1. Field of the Invention
The present invention relates to 3D-inkjet printing methods and suitable inkjet fluid sets. More specifically the present invention relates to the making of 3D-objects and flexographic printing forms.
2. Description of the Related Art
In inkjet printing, tiny drops of ink or fluid are projected directly onto a receiver surface without physical contact between the printing device and the ink-receiver. The printing device stores the printing data electronically and controls a mechanism for ejecting the drops image-wise. Printing is accomplished by moving a print head across the ink-receiver or vice versa or both.
Flexography is commonly used for high-volume runs of printing on a variety of supports such as paper, paperboard stock, corrugated board, films, foils and laminates. Packaging foils and grocery bags are prominent examples. Flexographic printing forms are today also made by digital imaging, which includes not only laser recording on flexographic printing form precursors, but also inkjet printing as disclosed, for example, in EP 1449648 A (KPG), EP 1428666 A (AGFA) and US 2006055761 (AGFA).
Three-dimensional inkjet printing is a relatively speedy and flexible printing method for the production of prototype parts, tooling and rapid manufacturing of three-dimensional complex structures directly from a CAD file.
Radiation curable compositions for use in three-dimensional printing methods of complex structures are disclosed by WO 2004/096514 (OBJET GEOMETRIES).
U.S. Pat.
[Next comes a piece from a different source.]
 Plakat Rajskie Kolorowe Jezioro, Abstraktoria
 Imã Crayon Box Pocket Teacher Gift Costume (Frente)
No. 5,387,380 (MIT) and U.S. Pat. No. 6,036,777 (MIT) disclose methods for forming three-dimensional images, to be used in “rapid prototyping”, wherein the method includes the steps of (i) depositing a first layer of a powder material in a confined region, (ii) depositing a binder material to selected regions of the layer of powder material to produce a layer of bonded powder material at selected regions, (iii) repeating steps (i) and (ii) a selected number of times to produce successive layers of selected regions of bonded powder so as to form the desired prototype. The unbounded powder material is then removed.
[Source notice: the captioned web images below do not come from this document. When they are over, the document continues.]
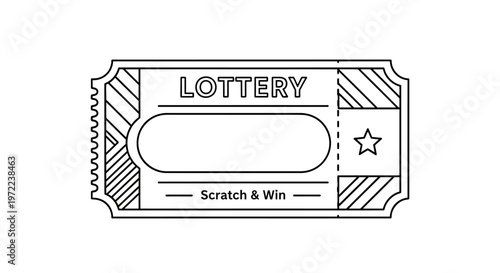 Lottery ticket, scratch and win, vector illustration, gaming, chance isolated on White Background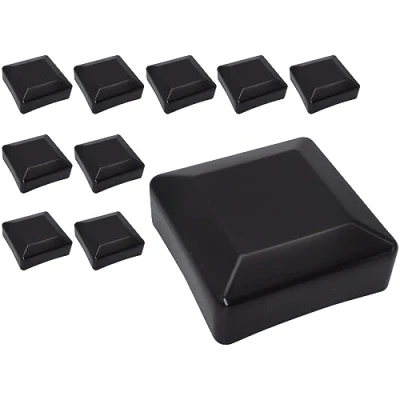 Imagen de SKIR&#039;CO (10 piezas) Tapas para Postes de Valla, Cuadradas 70 x mm Negras Plástico Color Negro RAL 9005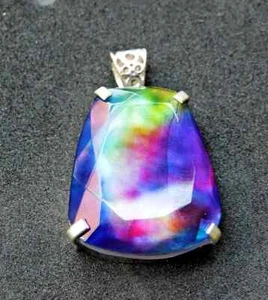 Ciondolo in argento massiccio ammolite naturale taglio fantasia certificato 77,60 ct pietra preziosa sfusa - Foto 1 di 6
Three-dimensional objects have been made which exhibit different colours, but usually all 3D-objects have uniform physical properties for, e.g., hardness or elasticity. In EP A (AGFA) advantages are high-lighted for preparing flexographic printing plates by printing two materials with different elasticity or hardness on a receiving layer. However, problems, such as insufficient adhesion and defects in image quality, can be observed in changing from a “soft, elastic” inkjet ink to a “hard, inelastic” inkjet ink or vice versa. A compromise can then usually be found in changing, for example, the “soft, elastic” inkjet ink to a harder and less elastic inkjet ink, but resulting in the fact that the maximal soft and elastic properties are not attained.
A change in hardness of the top layer of a flexographic printing plate is generally desirable for obtaining a good printing quality when a change in the type of support to be printed upon occurs. One way to approach this is to develop and replace the inkjet fluid or ink used in the printer and print head by a more appropriate inkjet fluid or ink. However, changing of inkjet fluid or ink tends to be very time consuming and is not really a viable solution for an industrial printing environment.
It would be desirable to be able to prepare three-dimensional objects and flexographic printing forms wherein the physical properties, such as flexibility, hardness and elongation at break, can be easily altered without causing problems of adhesion and image quality or without a time-consuming replacement of an inkjet fluid or ink.